The first item is pretty obvious. The second and third effects are problematic since the AI does not (supposed to not) know which cards are drawn or which secrets were played. So, it is not right to just draw a card immediately during the BoardState search tree generation.

So, we will introduce the concept of a StopNode. A StopNode is a BoardState search tree node that triggers a “stop” in the search tree generation. All nodes subsequent to a StopNode must be discarded, and the score of the StopNode must be computed solely from the information available at the StopNode without actually playing out the outcome of the random effect.

Each type of random effect node will have different strategies when it comes to deciding the score for its StopNode.

1. Random effect cards — For random effects node, the strategy should be to work out the outcome of all possible random outcome and pick the expected value of the random outcomes’ scores. In practice, this is almost always impossible because the number of subsequent nodes explodes exponentially. For example, given a full opponent board, there are potentially up to 16.8 million ways in which Avenging Wrath can hit, with potentially millions of subsequent nodes for each Avenging Wrath outcome. In these situations, we will resort to a Monte Carlo simulation of the outcomes.
2. Card draw effects — For card draw effects, the AI StopNode is necessary because the card to be drawn is unknown to the AI, and after the card is drawn, the AI must not go back and pick a sequence of moves that does not involve drawing a card (that would be cheating).
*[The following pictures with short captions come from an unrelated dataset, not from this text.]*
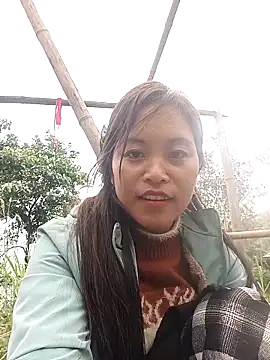 Chat XXX ao vivo de Alice-567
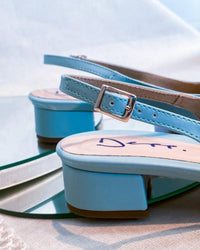 Scarpin Feminino Slingback Bico Fino Salto Bloco Baixo e Laço Azul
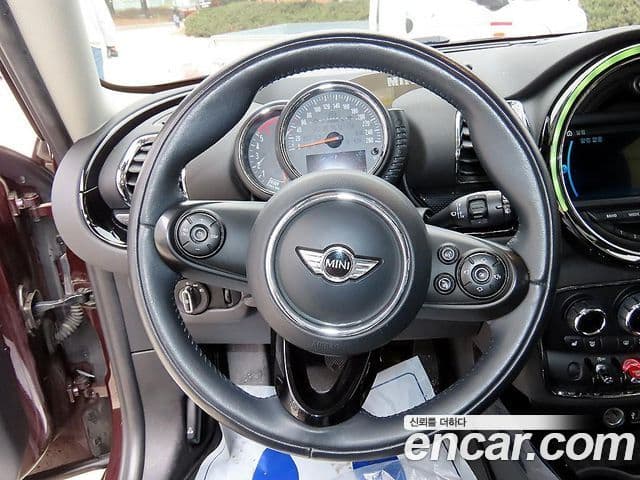 Mini Cooper D 클럽맨 2세대, 2017 8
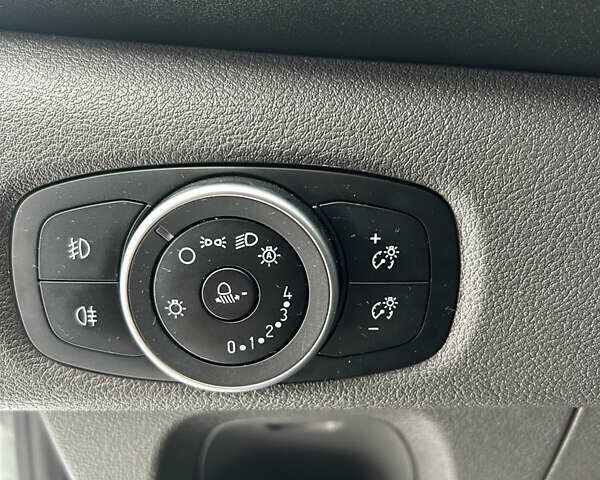 Белый Форд Транзит Кастом, объемом двигателя 2 л и пробегом 178 тыс. км за 18900 $, фото 19 на Automoto.ua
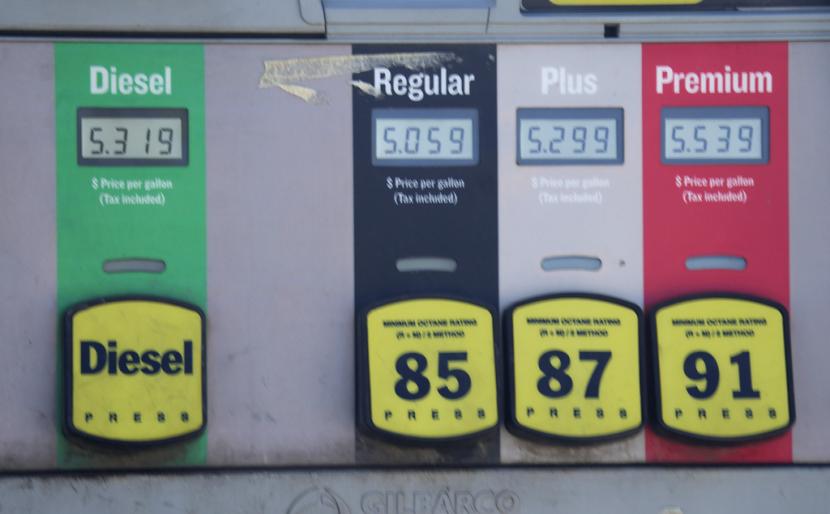 Harga bensin ditampilkan di pompa di stasiun (SPBU) Conoco Rabu, 9 Agustus 2023. Inflasi Amerika Serikat (AS) pada Juli mencapai 3,2 persen secara tahunan.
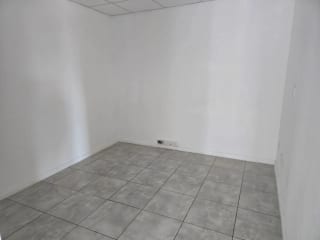ALQUILO OFICINA EN DESING CENTER ZONA 10 — miniatura 4 de 9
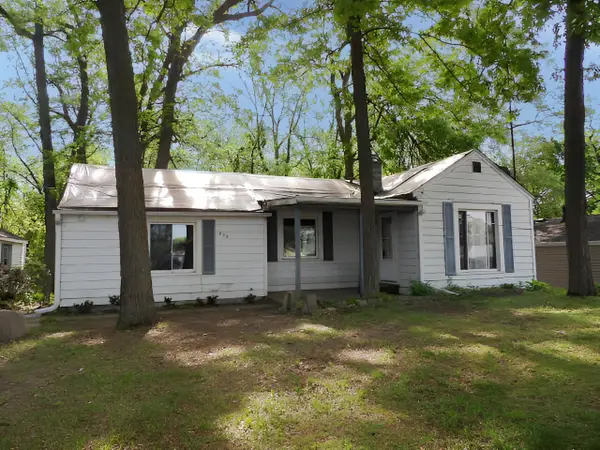 835 Woodland Beach, Battle Creek, MI 49014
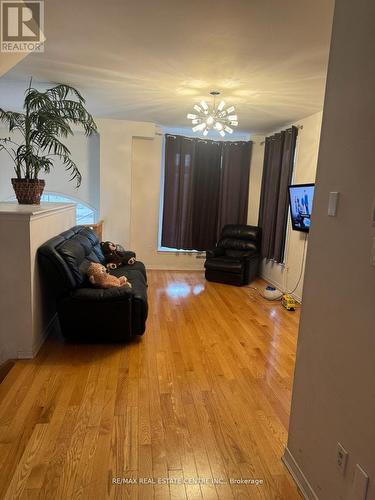 5160 Thornwood Drive, Mississauga, ON - Indoor Photo Showing Other Room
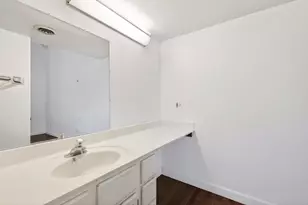 545 D'onofrio Dr, Madison, WI 53719 - Photo 20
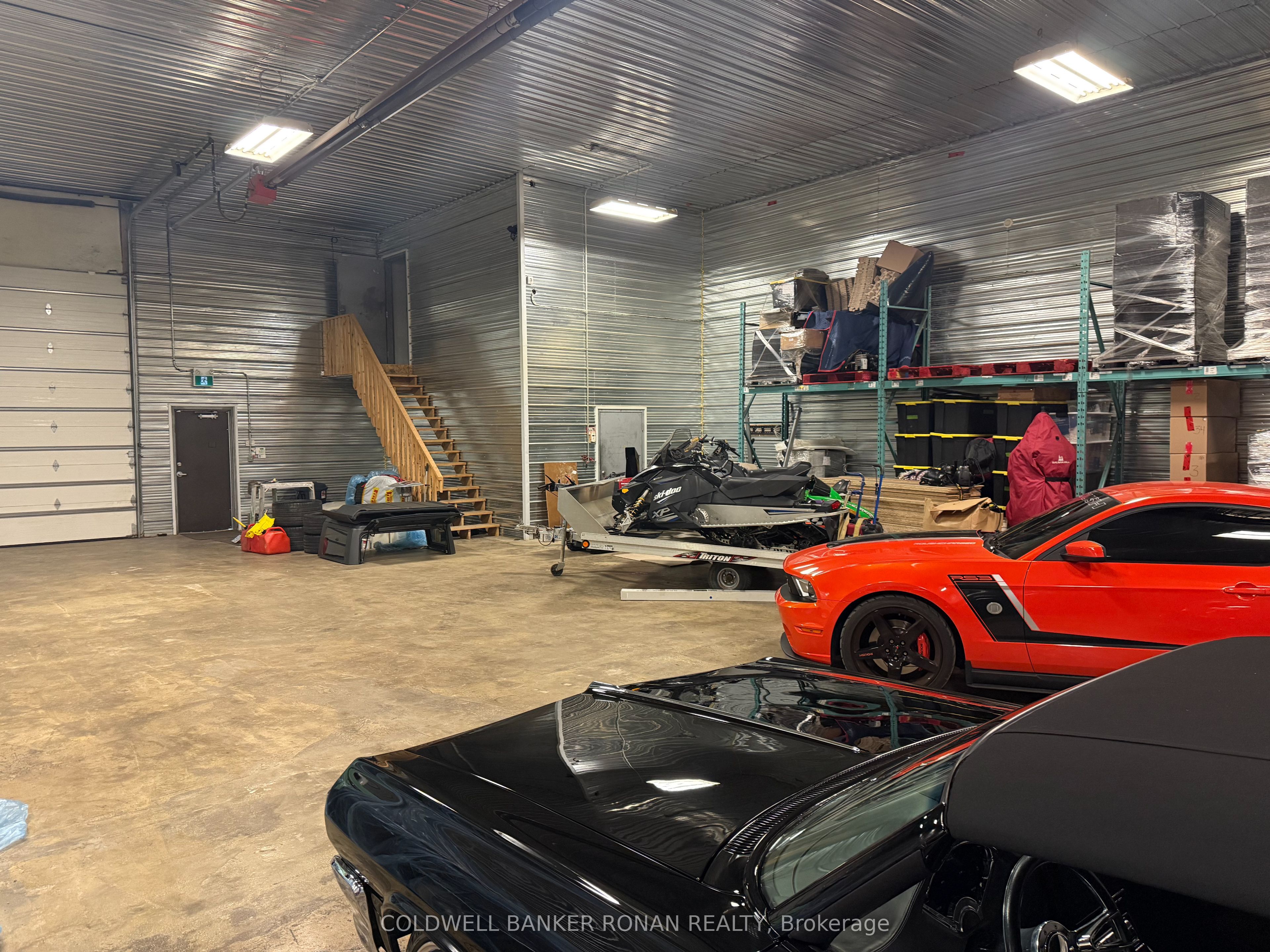 19877 Bathurst St Property Photo 2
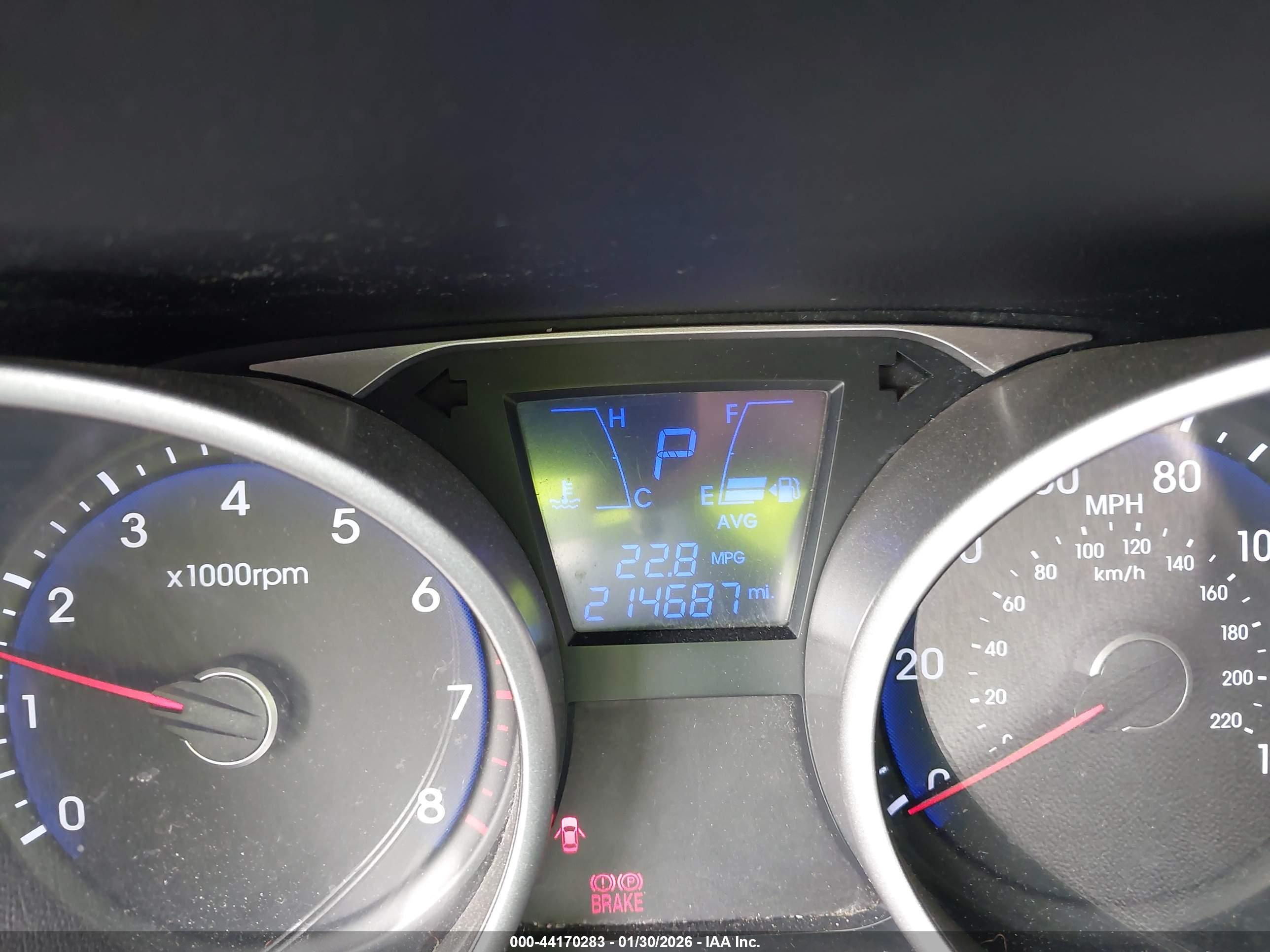 HYUNDAI TUCSON image 7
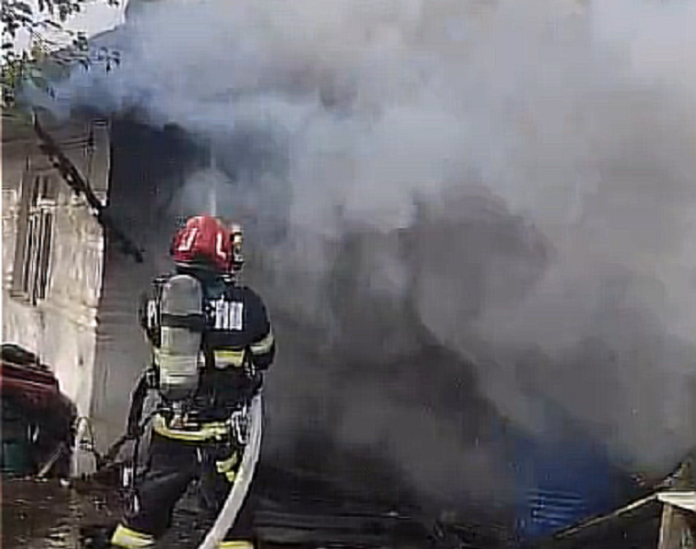 Pompieri interventie ISU flacari incendiu foc improvizatie electrica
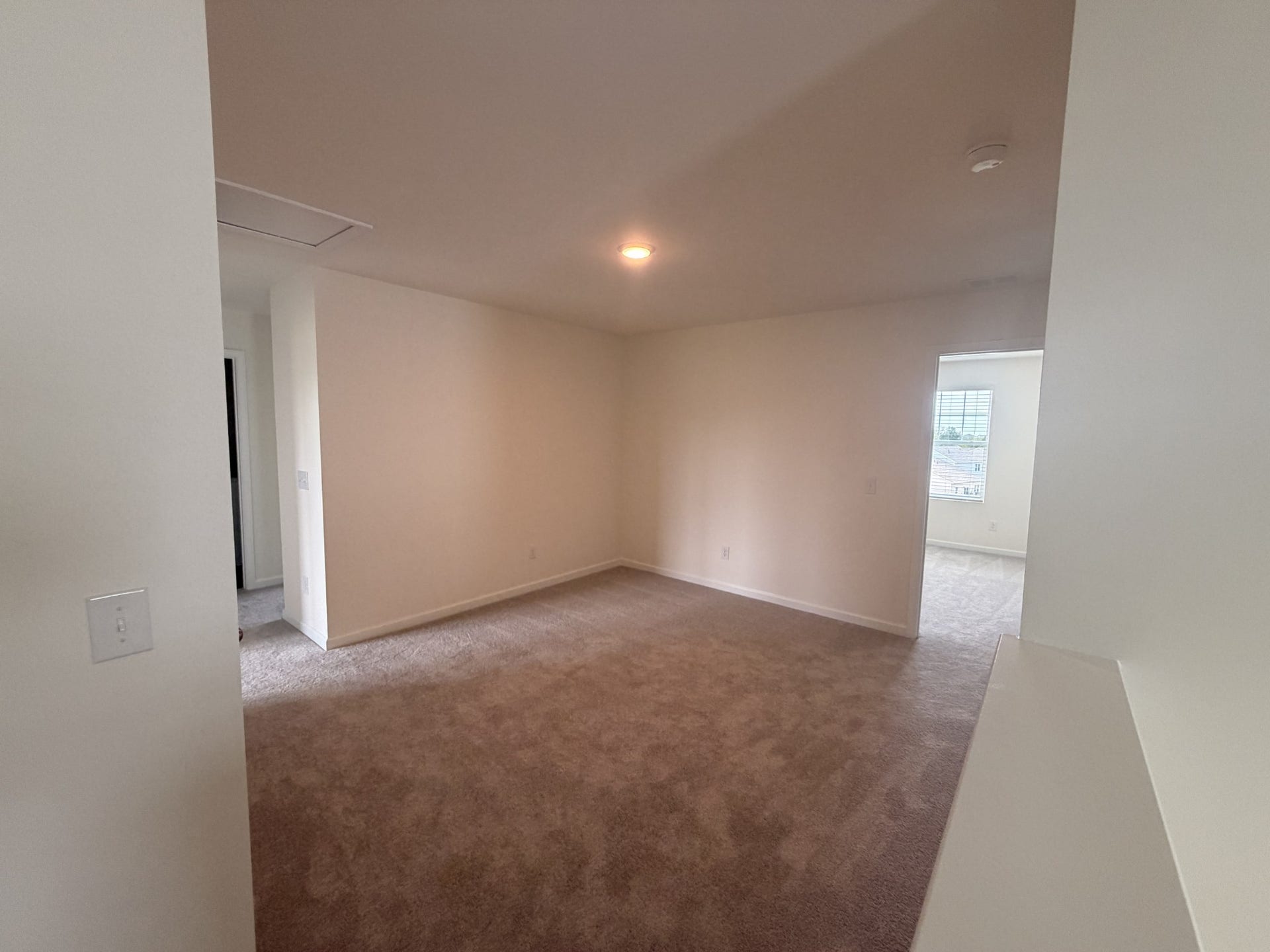 3226 Barrel Oak Pass, Columbia, TN 38401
The strategy to use here is, at a card draw StopNode, to pretend that a card draw does not happen and continue with the simulation. The score for the card draw node becomes the score of the best possible outcome without the card draw, plus the expected increase in the score due to the cards to be drawn. The expected increase can be computed because the AI knows exactly which cards remain in the deck, even though it doesn’t know which order the cards are in.
3. Secret — The strategy for the AI will be to simulate all possible secrets that the opponents might have and work out the best subsequent moves for each one. Once the moves are computed, the AI will assume the best moves from the most penalizing secret and will start playing that sequence, until the actual secret is triggered. If the AI’s guess turns out to be correct, fine, at least it will be able to make the best out of it. If the AI’s guess turns out to be wrong, great, it can now go and play an even more optimal sequence of moves.

That’s the summary. I will write more details for each type once the implementations are done and tested.

## HearthSim: Divine Shield Modeling — Part 2

This is part 2 of our Divine Shield modeling.

### Setup

Let’s take our Super Basic Deck, with a generic no-good Hero (with no hero abilities), and pit it against an opponent with the same deck with Scarlet Crusader replaced by Magma Rager. We will call the player with Scarlet Crusader Player0, and the opponent Player1.

We take $$w_{\rm ds} = 0$$ as a base case and will compare the performance of our AI as we tweak $$w_{\rm ds}$$.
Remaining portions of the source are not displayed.